» INPUT MATERIAL:
↓

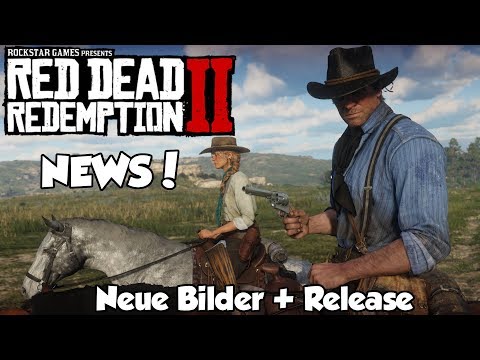 NEUE BILDER UND GENAUES RDR2 RELEASE DATUM - Red Dead Redemption 2 News - Deutsch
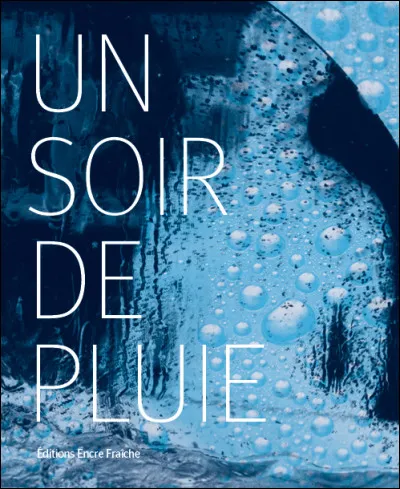 Quel duo interprétait "Un soir de pluie" ?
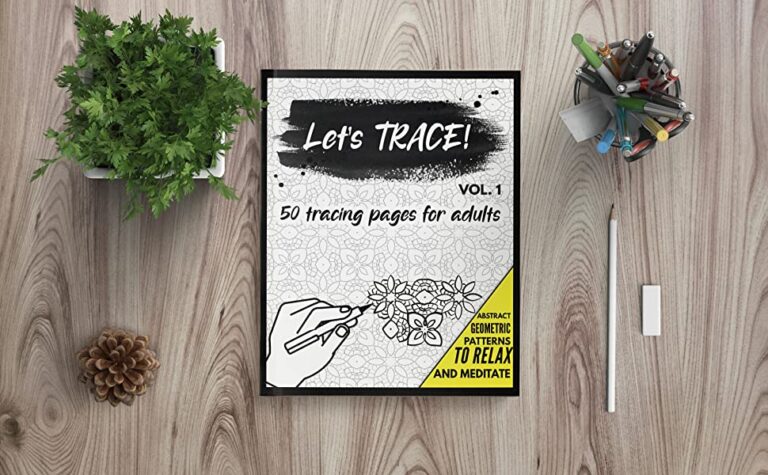 Let's Trace!: 50 Tracing Pages for Adults with Abstract and Geometric ...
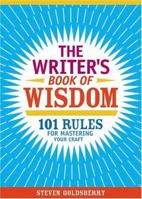 The Writer's Book Of Wisdom: 101 Rules For Mastering Your Craft 1582974942 Book Cover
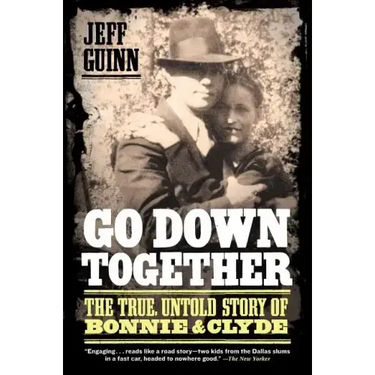 Go Down Together: The True, Untold Story of Bonnie and Clyde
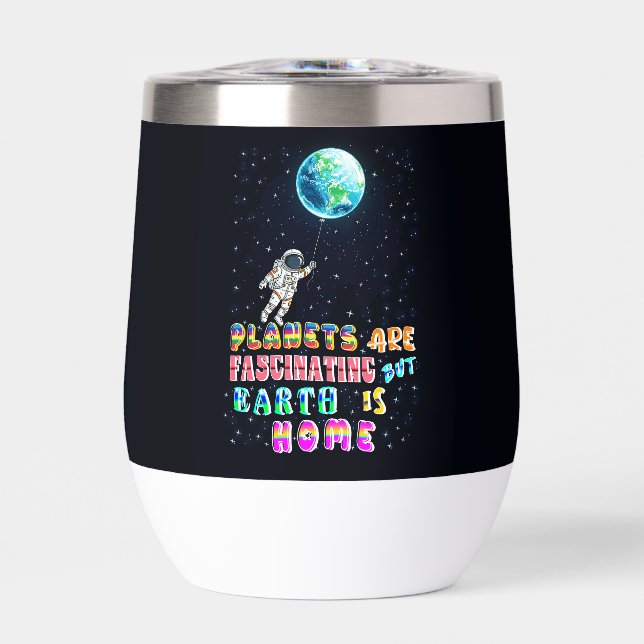 Planets Are Fascinating But Earth Is Home (Front)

↑

» WHAT TO WORK ON:
Because the copy must hold no pictures, return only the lines that run from the line containing "Quel duo interprétait" to the end of the data above, each exactly as it stands.

» RESPONSE TO THIS TASK:
 Quel duo interprétait "Un soir de pluie" ?
 Let's Trace!: 50 Tracing Pages for Adults with Abstract and Geometric ...
 The Writer's Book Of Wisdom: 101 Rules For Mastering Your Craft 1582974942 Book Cover
 Go Down Together: The True, Untold Story of Bonnie and Clyde
 Planets Are Fascinating But Earth Is Home (Front)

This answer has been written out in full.